[Short text fragments from websites]
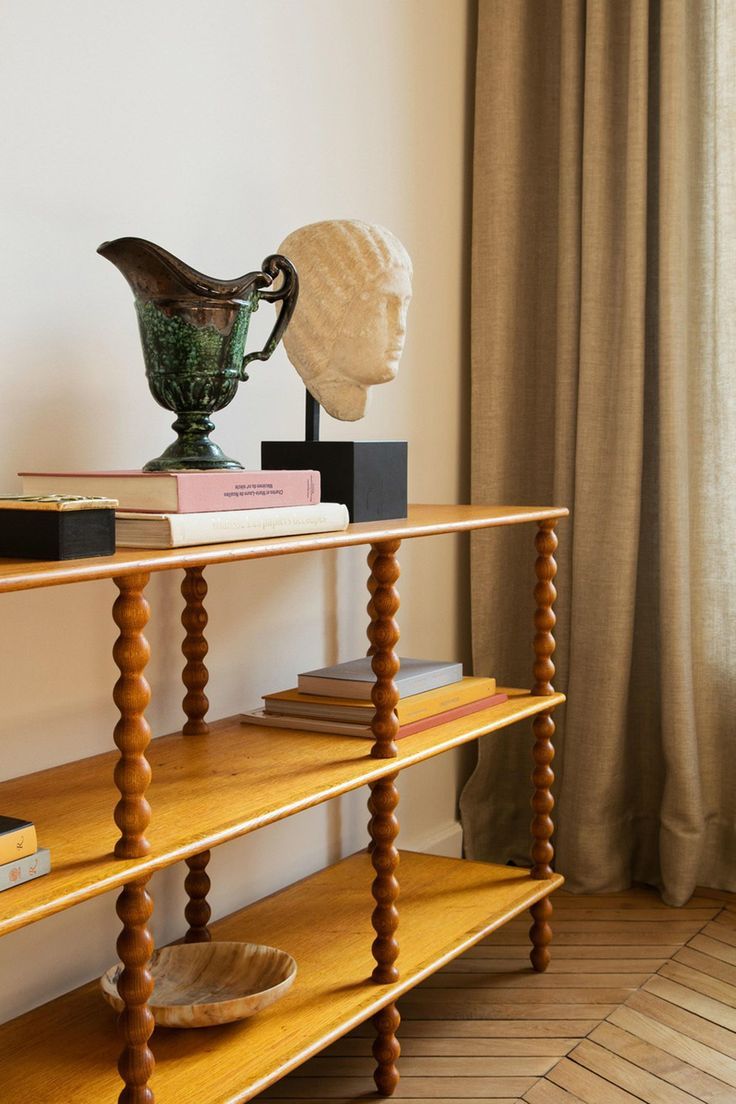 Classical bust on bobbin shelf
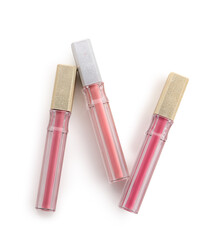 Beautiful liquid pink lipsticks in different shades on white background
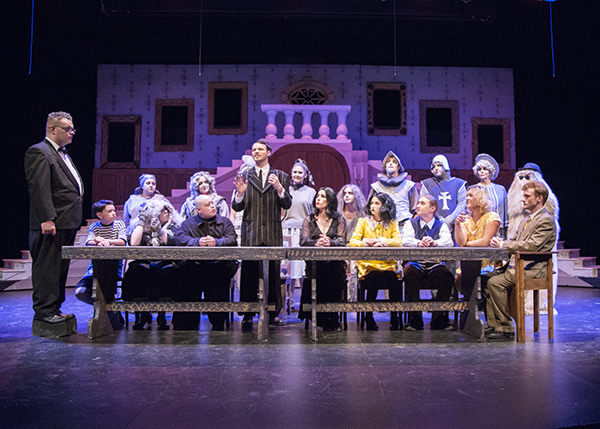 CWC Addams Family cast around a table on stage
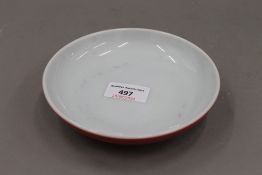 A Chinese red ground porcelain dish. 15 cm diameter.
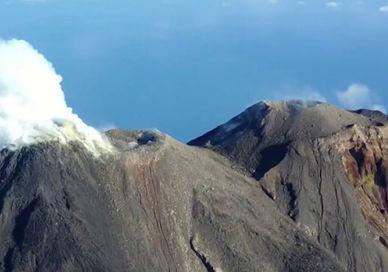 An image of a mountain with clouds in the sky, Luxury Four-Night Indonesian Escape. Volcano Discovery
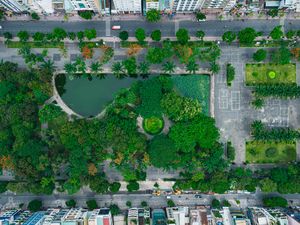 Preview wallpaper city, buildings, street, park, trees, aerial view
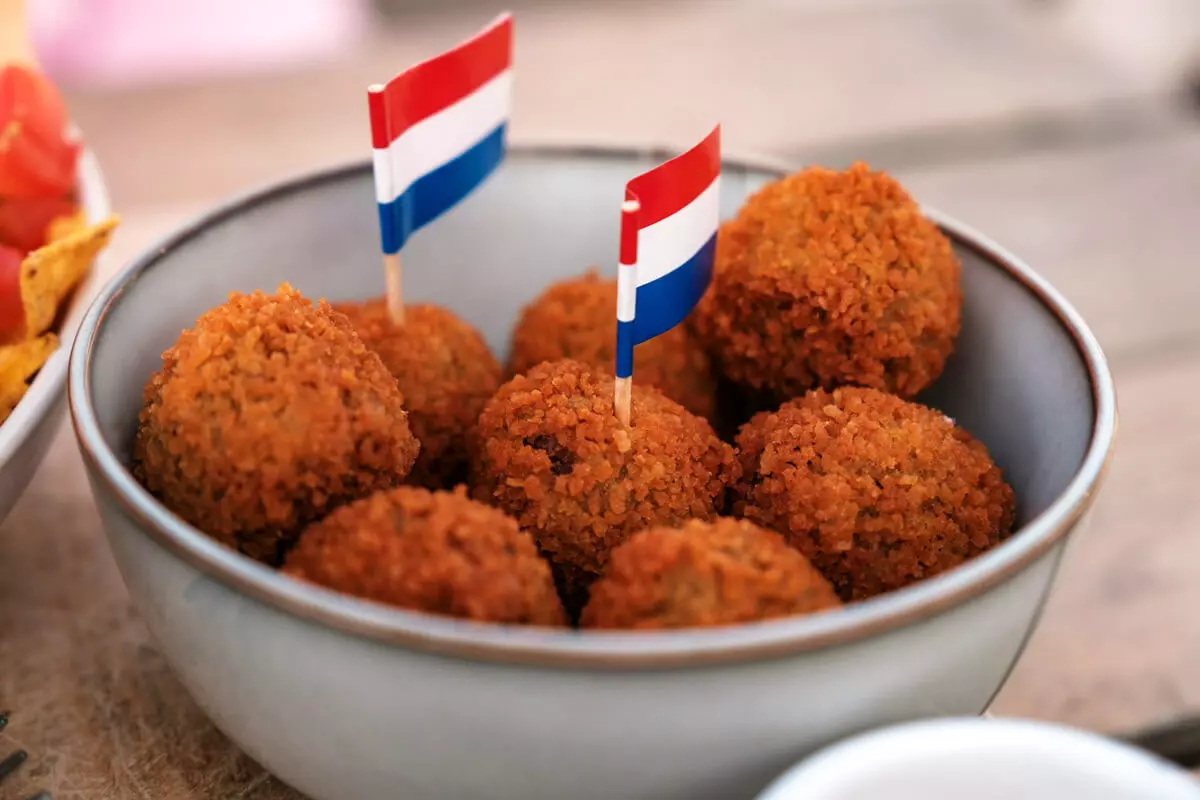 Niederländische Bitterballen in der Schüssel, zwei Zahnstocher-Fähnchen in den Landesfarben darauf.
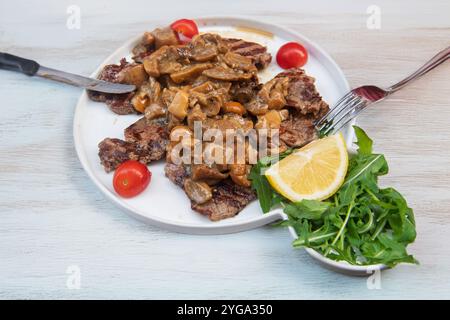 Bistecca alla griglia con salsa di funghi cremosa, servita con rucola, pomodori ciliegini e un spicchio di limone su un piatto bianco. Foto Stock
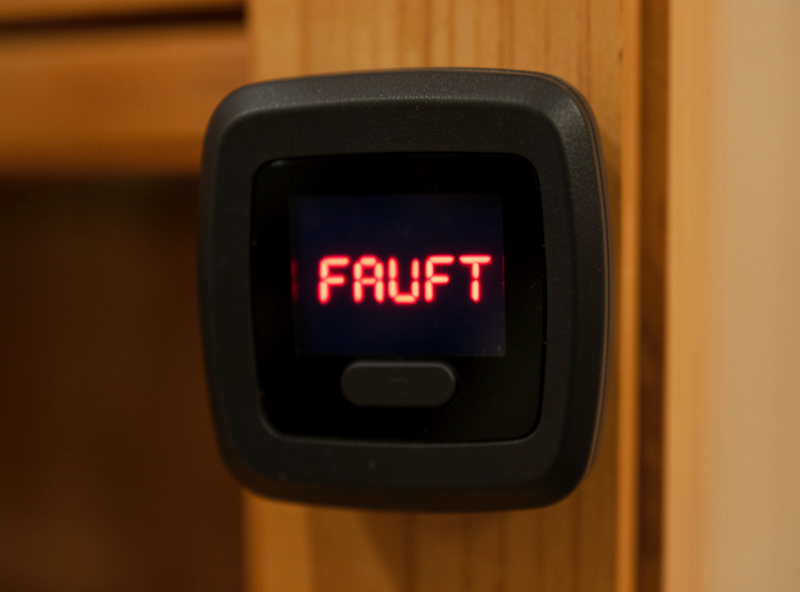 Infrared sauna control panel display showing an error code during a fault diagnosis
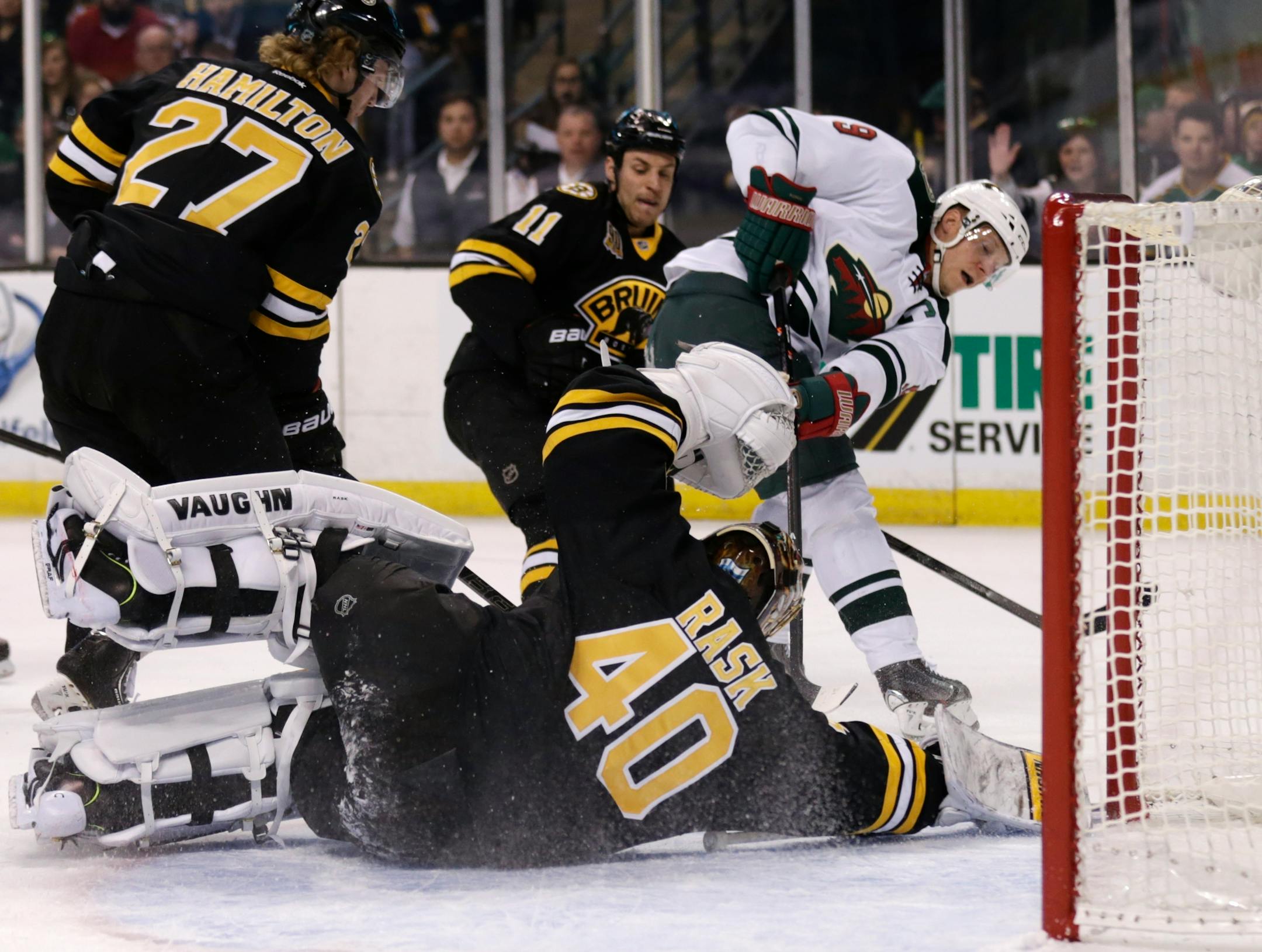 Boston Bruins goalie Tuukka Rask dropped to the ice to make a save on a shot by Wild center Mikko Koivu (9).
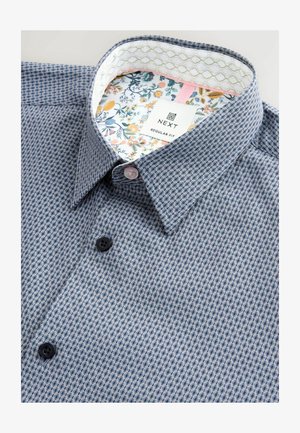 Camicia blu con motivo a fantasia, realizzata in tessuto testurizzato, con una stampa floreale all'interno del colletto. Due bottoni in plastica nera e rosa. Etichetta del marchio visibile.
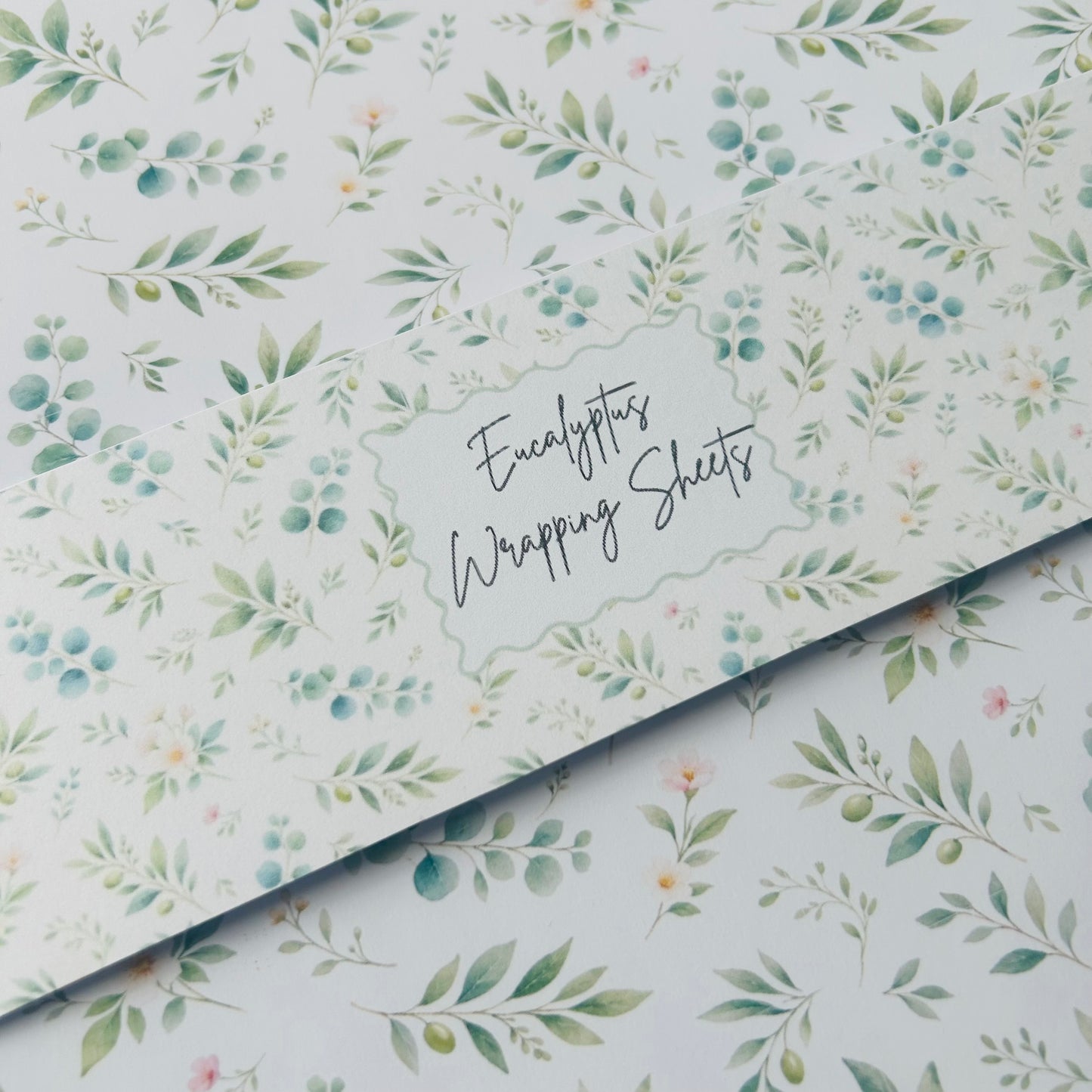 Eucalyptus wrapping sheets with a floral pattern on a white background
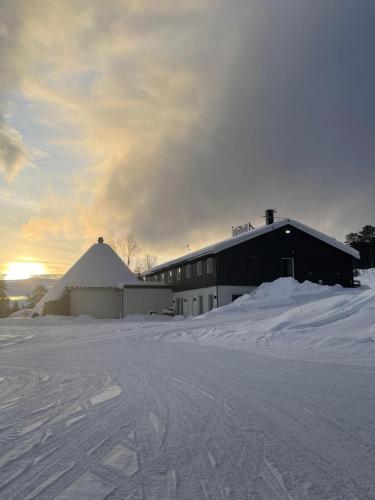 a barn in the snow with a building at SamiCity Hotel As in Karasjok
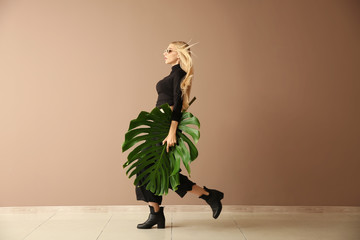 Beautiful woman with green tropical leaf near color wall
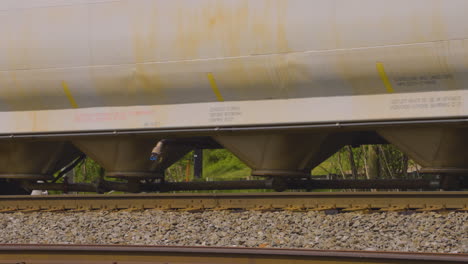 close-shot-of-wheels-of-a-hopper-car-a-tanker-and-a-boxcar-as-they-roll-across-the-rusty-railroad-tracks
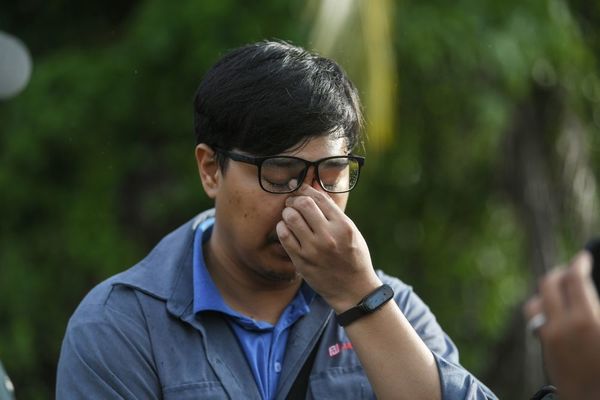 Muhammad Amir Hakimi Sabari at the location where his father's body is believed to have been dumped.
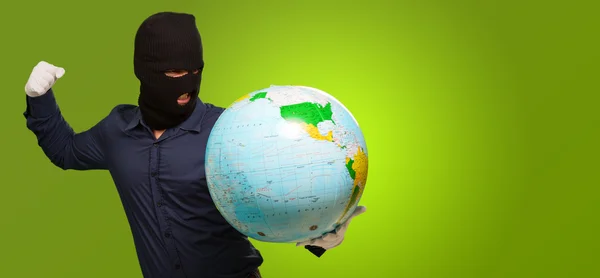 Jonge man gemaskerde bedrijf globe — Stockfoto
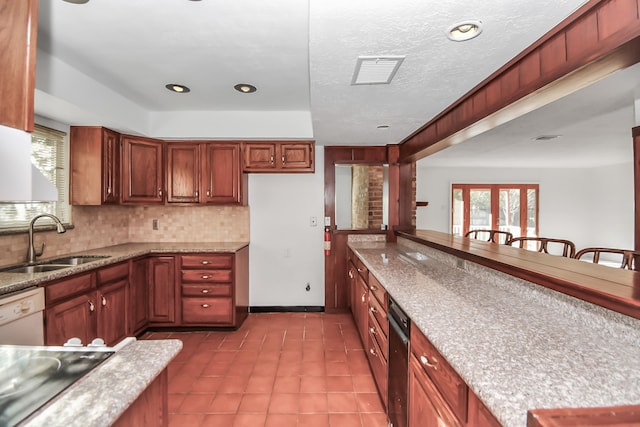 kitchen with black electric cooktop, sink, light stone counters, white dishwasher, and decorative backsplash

### What you need to do
Each entry above must be set down word for word; none of its pictures belong in the copy.

### Exercise solution
 Classical bust on bobbin shelf
 Beautiful liquid pink lipsticks in different shades on white background
 CWC Addams Family cast around a table on stage
 A Chinese red ground porcelain dish. 15 cm diameter.
 An image of a mountain with clouds in the sky, Luxury Four-Night Indonesian Escape. Volcano Discovery
 Preview wallpaper city, buildings, street, park, trees, aerial view
 Niederländische Bitterballen in der Schüssel, zwei Zahnstocher-Fähnchen in den Landesfarben darauf.
 Bistecca alla griglia con salsa di funghi cremosa, servita con rucola, pomodori ciliegini e un spicchio di limone su un piatto bianco. Foto Stock
 Infrared sauna control panel display showing an error code during a fault diagnosis
 Boston Bruins goalie Tuukka Rask dropped to the ice to make a save on a shot by Wild center Mikko Koivu (9).
 Camicia blu con motivo a fantasia, realizzata in tessuto testurizzato, con una stampa floreale all'interno del colletto. Due bottoni in plastica nera e rosa. Etichetta del marchio visibile.
 Eucalyptus wrapping sheets with a floral pattern on a white background
 a barn in the snow with a building at SamiCity Hotel As in Karasjok
 Beautiful woman with green tropical leaf near color wall
 close-shot-of-wheels-of-a-hopper-car-a-tanker-and-a-boxcar-as-they-roll-across-the-rusty-railroad-tracks
 Muhammad Amir Hakimi Sabari at the location where his father's body is believed to have been dumped.
 Jonge man gemaskerde bedrijf globe — Stockfoto
 kitchen with black electric cooktop, sink, light stone counters, white dishwasher, and decorative backsplash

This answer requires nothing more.